Moreover, customization will be key in displaying a compelling and impactful pie chart. However, keep in mind that in case you’re using Pandas, advanced customizations like exploding may not be supported. As already mentioned, if you need more control over your pie chart, you may need to add Matplotlib code to your scripts.

Enhancing Accessibility and Usability

When displaying your pie charts, you should stick to good practices.

  • Assess your audience: As a golden rule, you should always empathize with the audience your visualization is addressing. This means having a good understanding of your audience’s area of expertise, level of technical knowledge, and interests. 
  • Clear the clutter: To avoid making unreadable, cluttered visualizations, ask yourself if what you’re including is relevant to the audience, and remove unnecessary elements as much as you can. In the case of pie charts, you should avoid 3D effects or shadows, as they may hinder interpretation. 
  • Keep an eye on the fonts: Even though it can be tempting to use different fonts and sizes, as a general rule of thumb, stick to one font with no more than three different sizes.

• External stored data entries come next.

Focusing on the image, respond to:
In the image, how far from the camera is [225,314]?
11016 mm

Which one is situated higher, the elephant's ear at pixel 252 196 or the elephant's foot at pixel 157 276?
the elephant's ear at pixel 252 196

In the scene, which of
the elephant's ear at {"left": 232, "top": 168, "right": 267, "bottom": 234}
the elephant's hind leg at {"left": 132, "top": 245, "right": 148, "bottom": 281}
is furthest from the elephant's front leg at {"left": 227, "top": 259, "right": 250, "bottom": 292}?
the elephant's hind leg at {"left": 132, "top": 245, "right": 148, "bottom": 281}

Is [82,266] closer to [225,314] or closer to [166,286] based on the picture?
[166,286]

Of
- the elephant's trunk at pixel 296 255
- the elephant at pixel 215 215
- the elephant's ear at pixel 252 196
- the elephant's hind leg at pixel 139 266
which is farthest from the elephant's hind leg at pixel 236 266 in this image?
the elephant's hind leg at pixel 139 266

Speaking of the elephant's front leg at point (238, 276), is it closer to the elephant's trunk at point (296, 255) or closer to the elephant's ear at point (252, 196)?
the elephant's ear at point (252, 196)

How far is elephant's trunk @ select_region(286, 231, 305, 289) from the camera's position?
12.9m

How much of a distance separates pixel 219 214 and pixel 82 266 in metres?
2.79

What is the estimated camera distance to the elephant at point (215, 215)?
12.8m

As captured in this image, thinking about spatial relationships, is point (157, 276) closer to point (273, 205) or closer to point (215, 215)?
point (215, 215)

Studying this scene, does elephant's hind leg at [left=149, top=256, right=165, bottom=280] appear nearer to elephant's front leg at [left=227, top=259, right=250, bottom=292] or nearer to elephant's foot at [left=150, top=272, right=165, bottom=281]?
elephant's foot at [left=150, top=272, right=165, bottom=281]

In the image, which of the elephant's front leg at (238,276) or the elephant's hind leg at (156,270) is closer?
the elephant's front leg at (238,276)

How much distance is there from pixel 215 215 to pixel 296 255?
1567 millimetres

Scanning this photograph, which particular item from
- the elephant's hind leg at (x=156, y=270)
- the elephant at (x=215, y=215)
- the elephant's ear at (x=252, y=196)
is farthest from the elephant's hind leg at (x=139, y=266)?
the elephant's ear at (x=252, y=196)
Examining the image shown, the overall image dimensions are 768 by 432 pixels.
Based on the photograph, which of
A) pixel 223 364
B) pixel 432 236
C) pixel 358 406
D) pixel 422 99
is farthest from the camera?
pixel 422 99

You should follow the font hierarchy and keep headings larger than the body, as well as use a bold typeface to highlight key elements and headings. 
  • Use colors creatively: Color is one of the most eye-catching aspects of any data visualization. As such, put a lot of thought into choosing the color scheme of your data visualization. This means having a consistent color palette across your visualizations and using color systematically to distinguish between groups, levels of importance, and different kinds of information hierarchy.
  • Testing on other devices: It’s always good advice to test your visuals to see how they look on multiple devices.

Data visualization can be considered an art. Intuition and good taste can make a difference, but you should always consider the theory behind it. To know more about the best practices for effective data visualization, check out our Data Storytelling & Communication Cheat Sheet. Further, if you are working with dashboards, this article on Best Practices for Designing Dashboards is worth reading.

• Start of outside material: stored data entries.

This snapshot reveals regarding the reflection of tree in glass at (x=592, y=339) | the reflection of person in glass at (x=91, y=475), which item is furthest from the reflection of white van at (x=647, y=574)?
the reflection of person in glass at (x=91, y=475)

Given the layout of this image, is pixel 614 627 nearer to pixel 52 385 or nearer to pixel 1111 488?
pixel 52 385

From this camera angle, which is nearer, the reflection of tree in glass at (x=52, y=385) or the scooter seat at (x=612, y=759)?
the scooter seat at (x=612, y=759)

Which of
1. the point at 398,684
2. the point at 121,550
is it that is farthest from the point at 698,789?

Alternatives to Pie Charts

Truth be told, pie charts are among the most criticized plots. It’s been demonstrated that humans are not very good at interpreting angles. We can illustrate this with the pie chart we have used before. Consider the slices of Excel and ChatGPT. Can you tell at first sight which one has the biggest angle?

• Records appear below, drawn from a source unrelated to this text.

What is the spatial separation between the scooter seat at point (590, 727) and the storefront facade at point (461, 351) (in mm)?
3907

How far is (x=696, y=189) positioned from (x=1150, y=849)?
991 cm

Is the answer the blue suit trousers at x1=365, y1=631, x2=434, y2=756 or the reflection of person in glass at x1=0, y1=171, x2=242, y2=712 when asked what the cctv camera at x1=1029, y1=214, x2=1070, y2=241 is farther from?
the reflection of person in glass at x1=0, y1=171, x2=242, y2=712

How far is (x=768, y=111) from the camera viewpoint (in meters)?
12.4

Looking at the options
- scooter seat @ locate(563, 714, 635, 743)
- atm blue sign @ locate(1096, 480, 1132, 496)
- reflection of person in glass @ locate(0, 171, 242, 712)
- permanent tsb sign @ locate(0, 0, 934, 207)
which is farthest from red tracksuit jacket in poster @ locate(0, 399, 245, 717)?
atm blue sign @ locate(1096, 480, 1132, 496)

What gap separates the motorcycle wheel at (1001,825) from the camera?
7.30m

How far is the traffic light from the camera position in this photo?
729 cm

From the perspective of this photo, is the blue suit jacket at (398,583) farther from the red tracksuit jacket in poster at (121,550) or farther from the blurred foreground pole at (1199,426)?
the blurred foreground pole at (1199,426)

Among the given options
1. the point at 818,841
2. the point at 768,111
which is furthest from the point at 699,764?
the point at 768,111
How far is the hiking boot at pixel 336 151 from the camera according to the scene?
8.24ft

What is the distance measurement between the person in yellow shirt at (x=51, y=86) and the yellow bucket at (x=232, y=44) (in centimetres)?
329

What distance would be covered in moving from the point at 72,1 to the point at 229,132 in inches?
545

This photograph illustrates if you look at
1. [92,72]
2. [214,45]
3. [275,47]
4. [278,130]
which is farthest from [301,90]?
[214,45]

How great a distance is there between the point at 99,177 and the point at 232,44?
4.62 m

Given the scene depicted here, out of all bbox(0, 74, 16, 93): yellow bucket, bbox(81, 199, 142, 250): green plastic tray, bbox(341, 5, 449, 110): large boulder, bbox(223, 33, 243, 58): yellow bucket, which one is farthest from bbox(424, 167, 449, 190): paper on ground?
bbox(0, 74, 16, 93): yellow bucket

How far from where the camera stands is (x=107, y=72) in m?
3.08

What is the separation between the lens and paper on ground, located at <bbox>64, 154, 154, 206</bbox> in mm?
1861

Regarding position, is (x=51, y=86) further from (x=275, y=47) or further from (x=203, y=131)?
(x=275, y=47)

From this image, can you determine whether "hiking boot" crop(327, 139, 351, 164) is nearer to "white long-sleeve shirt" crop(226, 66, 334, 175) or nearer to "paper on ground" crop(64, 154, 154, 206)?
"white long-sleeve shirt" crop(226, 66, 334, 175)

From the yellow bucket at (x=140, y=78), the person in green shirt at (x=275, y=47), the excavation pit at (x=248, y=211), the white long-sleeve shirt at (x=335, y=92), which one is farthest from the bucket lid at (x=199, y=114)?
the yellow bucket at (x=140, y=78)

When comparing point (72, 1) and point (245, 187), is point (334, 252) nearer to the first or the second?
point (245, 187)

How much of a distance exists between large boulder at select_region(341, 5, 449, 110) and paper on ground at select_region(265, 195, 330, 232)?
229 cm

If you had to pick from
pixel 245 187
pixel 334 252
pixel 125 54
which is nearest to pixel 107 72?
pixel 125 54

Arguably not, and that’s why many data visualization experts recommend using other charts to depict proportions, especially when dealing with many categories, such as bar charts and stacked bar charts, treemaps, or even donut charts. You can learn more about these alternatives in our article Types of Data Plots and How to Create Them in Python.

Conclusion

Congratulations on making it to the end of the tutorial. Python is a highly versatile programming language, offering several libraries and approaches to create pie charts. In this tutorial, we analyze how to create pie charts with Matplotlib and Pandas. Both are equally suitable for the job and have notable similarities. The idea is not to choose one but to use them interchangeably, according to your needs and workflow. 

If you want to know more about pie charts and, more broadly, data visualization in Python, DataCamp is here to help you. Check out our dedicated materials to become and get ready to become a visualization wizard!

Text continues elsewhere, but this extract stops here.